Such a process will result in behavior that appear to do just what we mean by “pursuing a goal, ” because it will persist at removing the differences it perceives between ‘what it has’ and ‘what it wants—that is, unless some other process intervenes to change or remove that G. [[8]]


However, human learning doesn’t always depend only on getting pleasant rewards. We can adapt to small changes in familiar conditions by making small changes to skills that we already know.  But when thrust into strange environments, we may need to abandon our older techniques—and this can lead to unpleasant feelings like pain and grief.  Chapter 9 of The Emotion Machine discusses some ways to prevent such discomforts from keeping us from learning new things—whereas the old reward based theories ignored what one could call the ”Pleasure of Exploration-Pain.”


 “Pleasure pursues objects that are beautiful, melodious, fragrant, savory, soft. But curiosity, seeking new experiences, will even seek out the contrary of these, not to experience the discomfort that may come with them, but from a passion for experimenting and knowledge.” —Augustine, Confessions, Book 10.
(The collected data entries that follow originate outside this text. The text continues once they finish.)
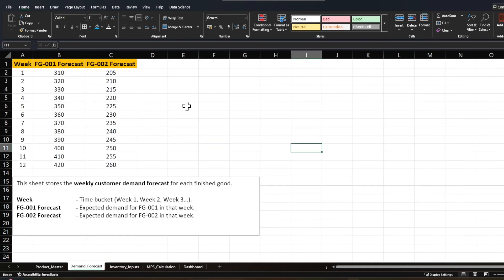The next input is Demand Forecast. This sheet stores the weekly customer demand forecast for each finished good code. For this demo we only have 12 weeks of data, but you can have multiple weeks. Generally MPS is a tactical strategy where you freeze your production plan for a maximum of three months, though it depends on the industry. The first column is the week, which is the time bucket — week one, week two, week three — and then you have columns for the forecast of different items.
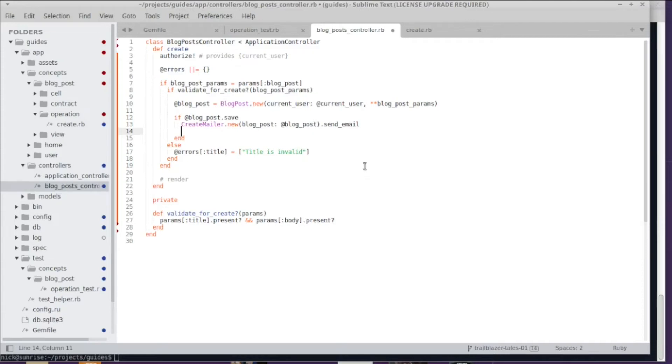It's not super messy, but you know how it is—it starts growing really fast. You have like a thousand ifs and elses, and then it's kind of impossible to extend this code. Trailblazer operation jumps in here and helps you structure that code, and I'm going to show you how to do that now.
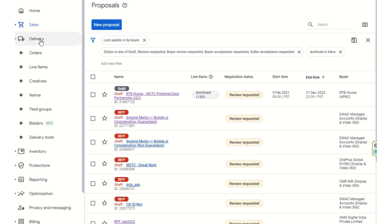I will be ending this programmatic guarantee demo of the Google Ad Manager dashboard. If you have any queries, you can ask in the comment section. A separate demo for private marketplace auctions will be done to cover that topic more thoroughly. As far as preferred deals and programmatic guarantee deals are concerned, I have covered most of the key parts in Google Ad Manager. Keep learning and keep implementing new things in Google Ad Manager — have a good day ahead.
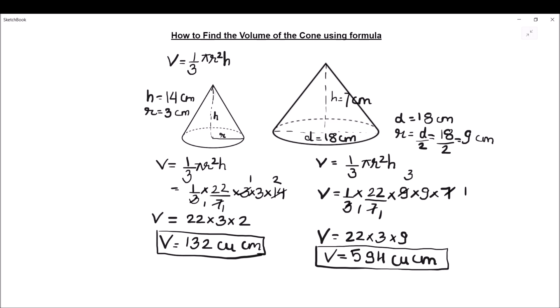So this is how, by using the formula, we can find the volume of a cone.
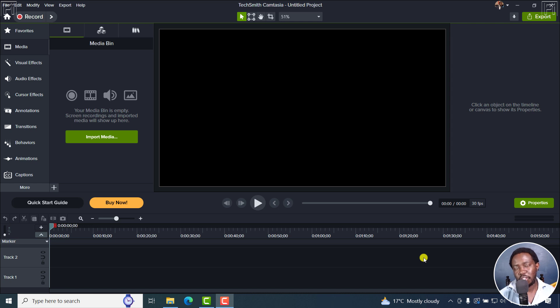In this tutorial, I'll show you how to use the Dynamic Captions feature in Camtasia 2024.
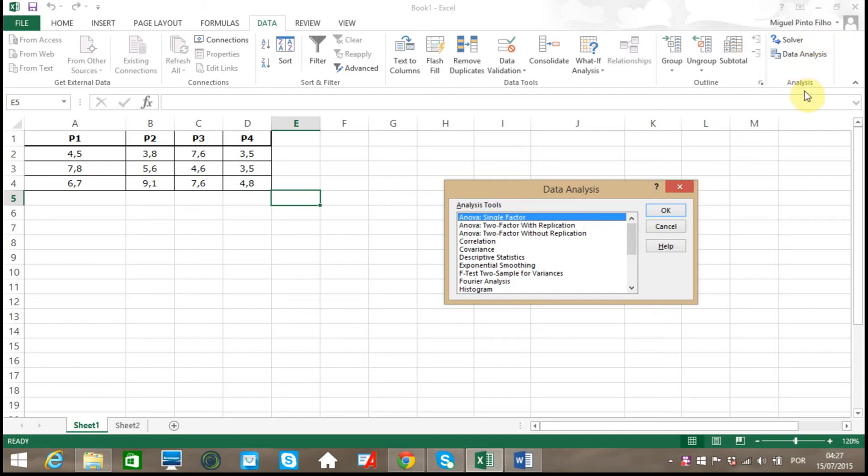As I said before, if you do not see Data Analysis at the right of the toolbar, you need to install the Data Analysis ToolPak.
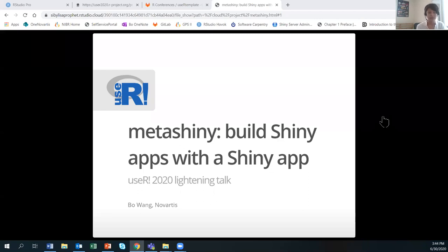Hello, thank you for viewing this UseR 2020 Lightning Talk recording. My name is Bo Wang. Today I'm bringing to you a brief introduction to an exciting project: MetaShiny — Build Shiny Apps with a Shiny App — from the Scientific Computing and Consulting Group at Novartis.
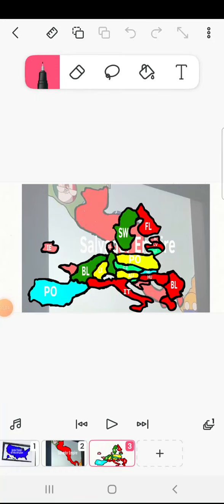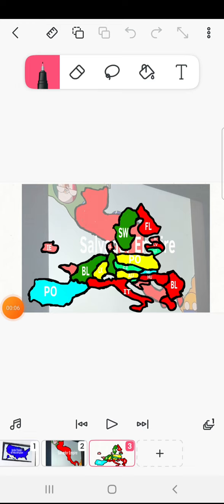European Union Battle Royale part three. Let's see who gets out today.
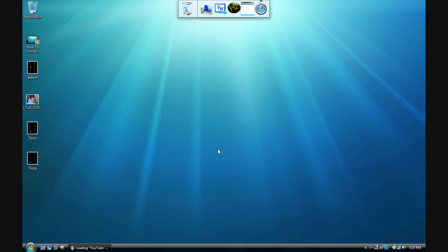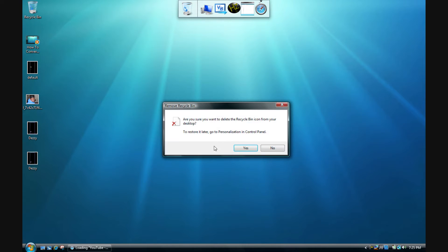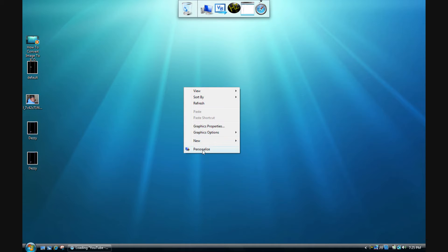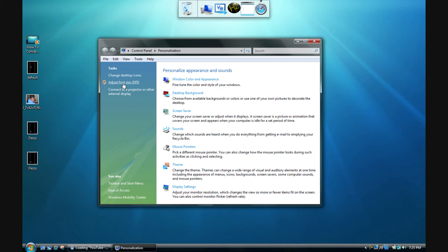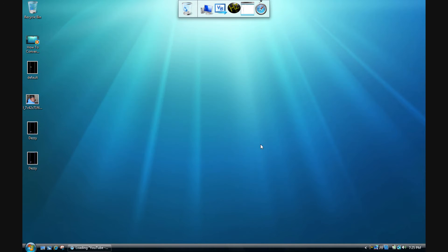Hello YouTube, today I'm going to be showing you how to get your Recycle Bin back if you delete it. You want to right-click on the desktop, go to Properties, click 'Change desktop icons', and then all you have to do is check Recycle Bin, hit Apply — it's there again — and then just hit OK. And that's it.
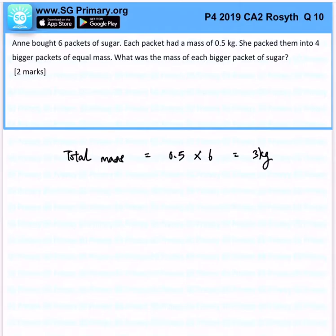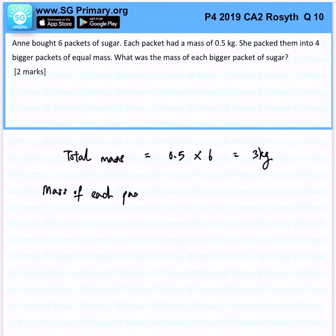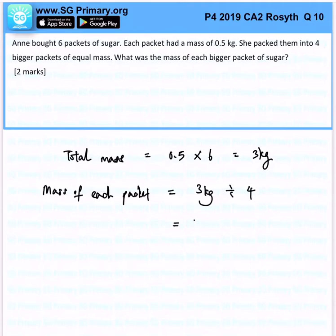Now she packed them into 4 bigger packets of equal mass. So, mass of each packet will be simply 3 kg divided by 4, and that will give us 0.75 kg.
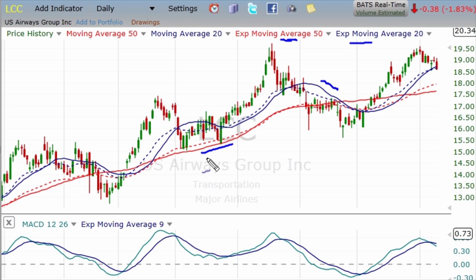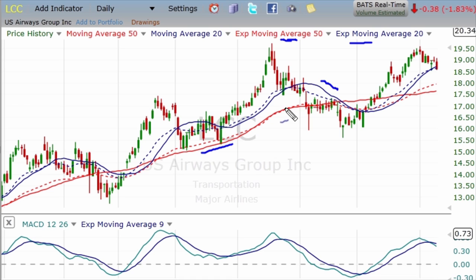Now what's the exponential moving average all about? That's plotted here with the dotted line. There's a 50-day exponential moving average here, and the dotted line here is the 20-day exponential moving average. There's a different formula to calculate the exponential moving average, but all you need to really know is that the exponential moving average is more sensitive to the front-end prices. With the 20-day exponential moving average, the more recent prices are going to have a heavier weight to the calculation than the earlier prices.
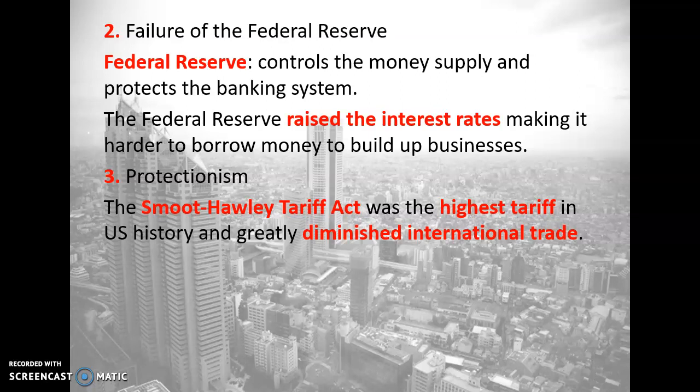On page 325, there is a purple box called 'The Danger of Tariffs.' Please read that to yourself, then unpause the video and resume with the lesson.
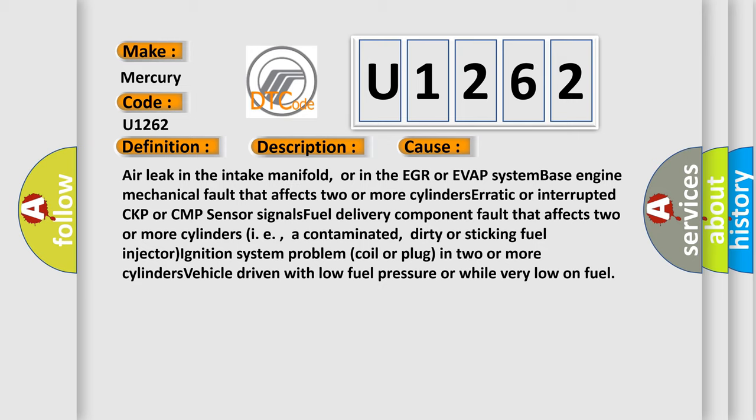CKP or CMP sensor signals. Fuel delivery component fault that affects two or more cylinders, i.e., a contaminated, dirty or sticking fuel injector. Ignition system problem, coil or plug in two or more cylinders. Vehicle driven with low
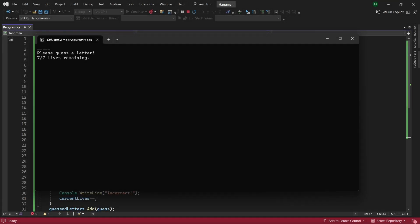Hello everyone, in this tutorial we'll be creating a hangman slash word guessing game. So here you can see our word is printed out.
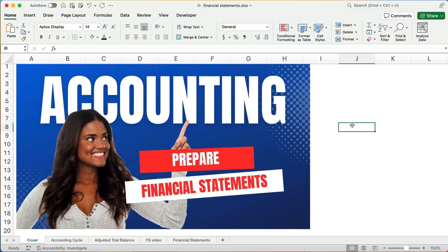Hello and welcome. Today we're working on how to prepare the financial statements. This is financial accounting basics, so the very first course in accounting.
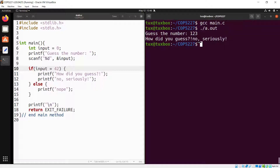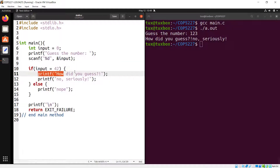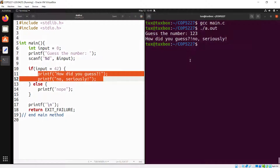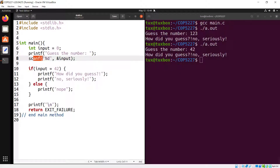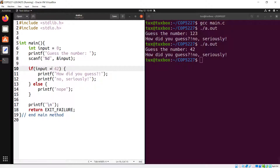Running the program and entering 123, it outputs 'How did you guess? No, seriously.' — even though we entered 123, not 42. The assignment 'input = 42' overwrites whatever was entered. And entering 42 gives the same result, because the scanf result is always overwritten by the assignment.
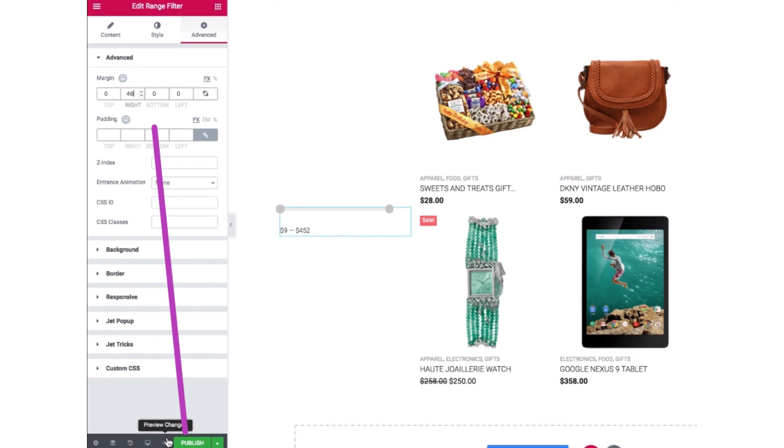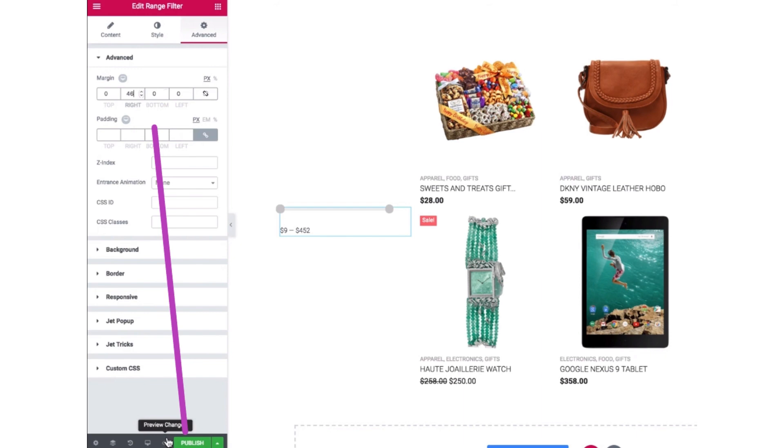And now set the margin. Here I'm going to set it 46. And now after setting it up, click the publish button. So after that it will build the style settings and the widget will be published. So that's how you can add price filter in WooCommerce.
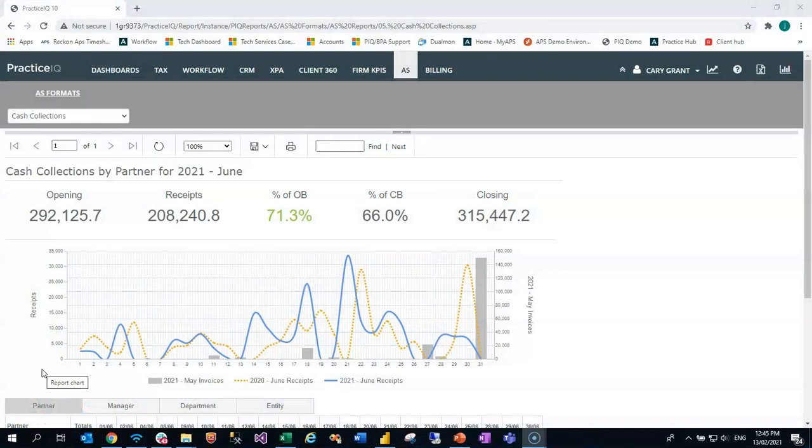This is our Cash Collections Reporting Services Dashboard presented through the PracticeIQ Intranet site. As the name suggests, it focuses on cash collections and the receipts in the system by month.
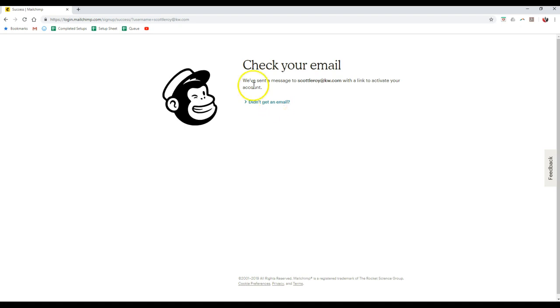So then we can link this up under agent.kw.com under the settings section with MailChimp, and we can start to utilize our email campaigns immediately. So there you go. That is your my KW tip for the day.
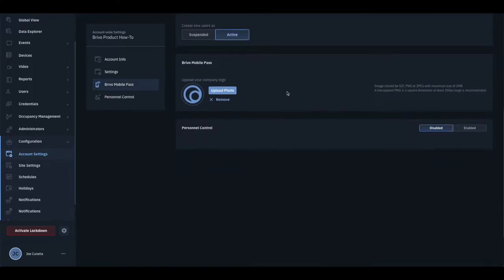For BrevoMobilePass, a custom image can be uploaded which mobile credential holders can view within the app.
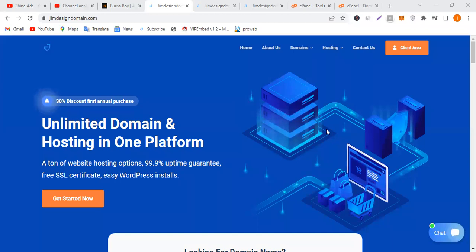Hello everyone, welcome to my YouTube channel. Today I'm going to show you how you can create a subdomain for your website. Most of us are familiar with getting a domain, but most of us don't know how to get a subdomain. In this video, I'm also going to show you how you can install an SSL certificate.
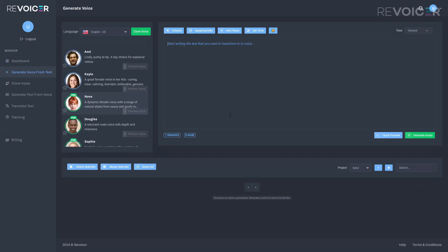Hello everyone and thank you for joining me in this video about how to improve and optimize the text that you input within Revoicer in order to get the most natural sounding audio.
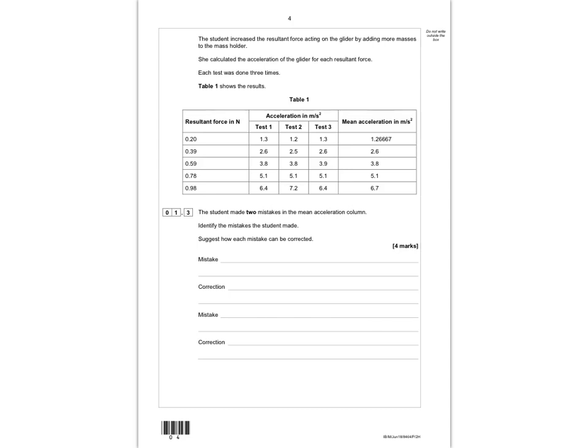In the next part, the student increased the resultant force acting on the glider by adding more masses to the mass holder, calculated the acceleration for each resultant force, and each test was done three times. Table 1 shows the results. The student made two mistakes in the mean acceleration column. The first mistake is that for the resultant force of 0.2 Newtons, the student hasn't rounded her mean value.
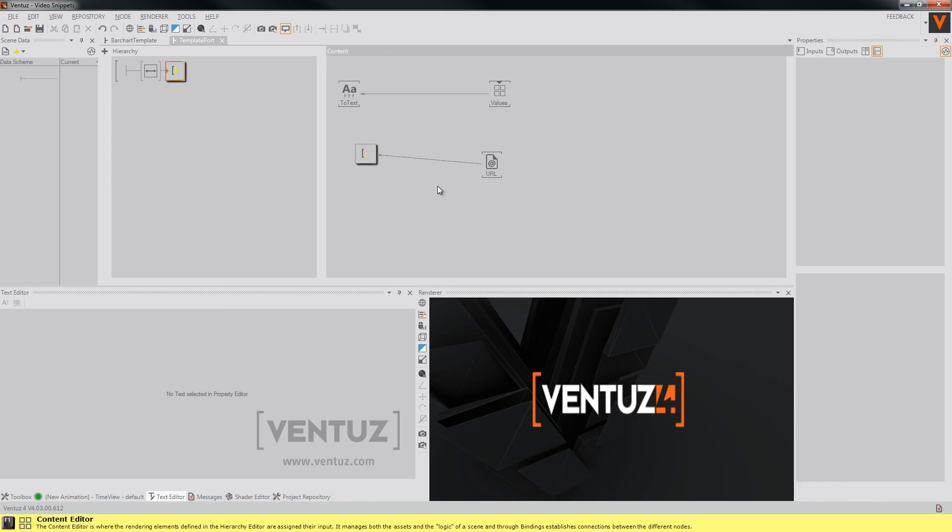So this is about it, about the template port. I hope you enjoyed it and know how to use the template port, and I hope I will see you next time. Until then, bye!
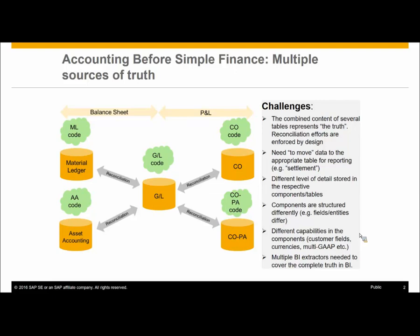What you see here is the picture of accounting in the classical ERP. You have the general ledger in the middle and different applications post to their own tables, different currencies used by different applications, and due to this, reconciliation between components can be tricky since data is typically at different levels of granularity.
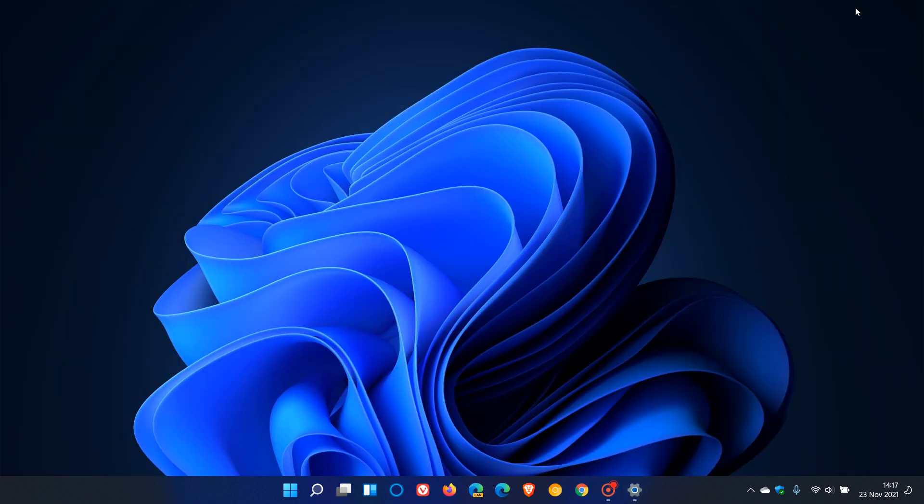And as mentioned, now carries the new emoji with the fluent 2D visual redesign to the Windows 11 operating system. So I hope you found this video useful. Once again, thanks for watching, and I will see you in the next one.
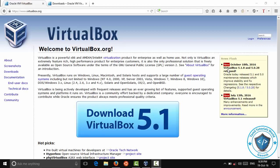Hello friends, welcome to Tamil Tutorials World. What are we going to talk about? VirtualBox.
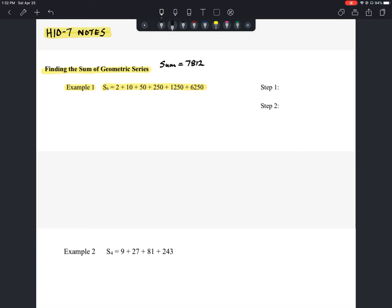The first thing you're going to do is identify your series and then multiply the entire series by R. To find R, take any two consecutive terms and divide the later term by the preceding one: 10 divided by 2 is 5, so R equals 5, our multiplier. We're going to take this entire equation and multiply both sides by 5.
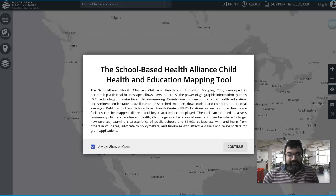County-level information on child health, education, and socioeconomic status is available to be searched, mapped, downloaded, and compared to national averages. I'm going to show you how to do that in a demonstration right after this. Public school and school-based health center locations as well as other healthcare facilities can be mapped, filtered, and key characteristics displayed.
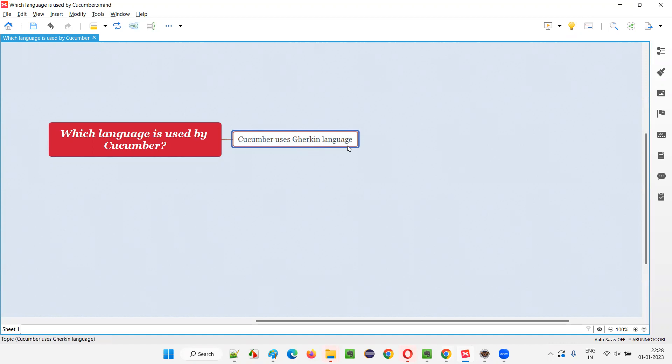In Gherkin language, we have different keywords like feature, scenario, given, when, then, and, but, and scenario outline examples. These are the different keywords of this Gherkin language.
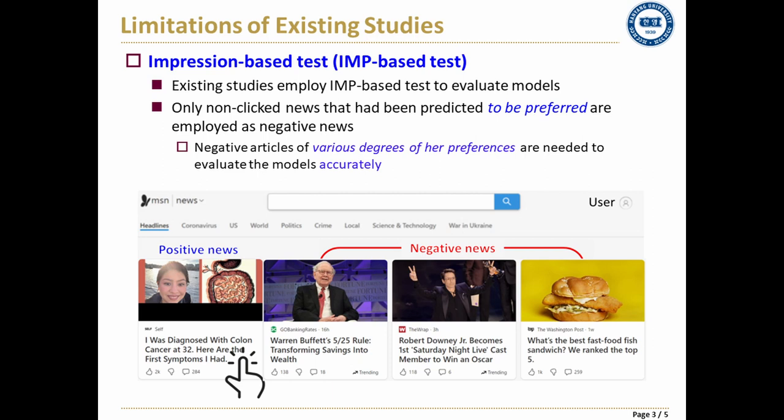However, we note that all negative news articles in the imp-based test are those that were recommended to her in the past. That is, they are non-clicked news that had been predicted to be preferred by the news recommendation model. This paper claims that a user's test entries should include negative news articles of various degrees of her preferences to evaluate models of various qualities accurately.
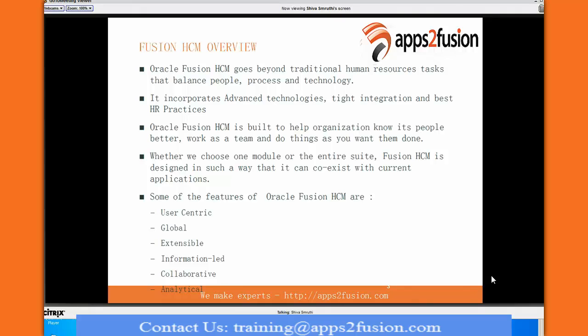I want to give a quick introduction about Oracle Fusion HCM. Oracle Fusion is what they say is going to come after EBS and PeopleSoft for Oracle. Oracle has spent a lot of time and effort creating Oracle Fusion, and there is a lot of demand for it. All the customers who are currently on PeopleSoft and EBS are mostly thinking about moving to Fusion rather than upgrading.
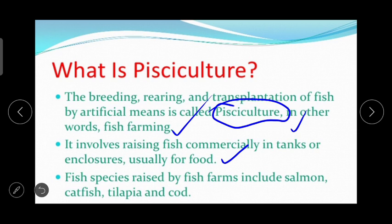Fish species raised by fish farms include salmon, rohu, rawas, colombi, catfish, tilapia and cod.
 “Why do children enjoy the rides in amusement parks, knowing that they will be scared, even sick?  Why do explorers endure discomfort and pain—knowing that their very purpose will disperse once they arrive?  And what makes people work for years at jobs they hate, so that someday they will be able to—they seem to have forgotten what! …  It is the same for solving difficult problems, or climbing freezing mountain peaks, or playing pipe organs with one's feet: some parts of the mind find these horrible, while other parts enjoy forcing those first parts to work for them.”The Society of Mind, Chap. 9.04.


In other words, adventurousness can overcome unpleasantness: when "pleasant" or “positive” rewards fail to help us learn more difficult subjects, we can make ourselves enjoy discomforts and pains—by acquiring what Augustine called “a passion for experimenting and knowledge.” 


Citizen: How can you speak of “enjoying” discomfort? Isn’t that a self-contradiction?


This only seems paradoxical when you think of yourself as an entity that can feel only one feeling at a time. But if you imagine your mind as a system that runs a host of concurrent processes, then you can see how some parts of your mind might ‘enjoy’ making other parts ‘suffer’—as when ‘it feels good’ to have just discovered a new kind of blunder or mistake.  In fact, that’s exactly what sport coaches teach!  Of course, those athletes still feel physical pains, just as artists and scientists feel mental pains. But somehow, they manage to train themselves to keep those pains from spiraling into the awful cascades we call suffering. [[9]]


Scientist: Few things bring more pleasure to me than replacing my old ideas—and then showing that my new theories are better than those of my competitors.

Artist: It hurts to discard a hard-earned technique, but nothing surpasses the thrill of conceiving new ways to represent and to think about things.


One needs to learn not only what works, but also what to do when failure looms. I don’t like that tale of “The Little Engine that Could” with its helpless injunction to simply repeat “I think I can, I think I can.” A better motto would be to think “perhaps its time to try something else”—because every setback can offer a chance for a new phase of mental development.


The traditional theories do not explain Pleasure.  From before the dawn of psychology, everyone has always agreed that pleasant rewards help us to learn, but I’ve never seen any plausible explanations for this. Here is what may be a new way to explain how ‘pleasure’ works:


“Pleasure” is a word we use to describe a process that’s used to keep a mind from “changing the subject” of the person’s most recent concern.  One might need such a function to preserve the current contents of memory for long enough for Credit-Assignment to be accomplished!


So, while we usually see Pleasure as positive, we also should see it as negative—because, during the time in which Credit Assignment proceeds, it suppresses competing activities.  Similarly, we often need to suppress other interests to keep ourselves working on difficult problems.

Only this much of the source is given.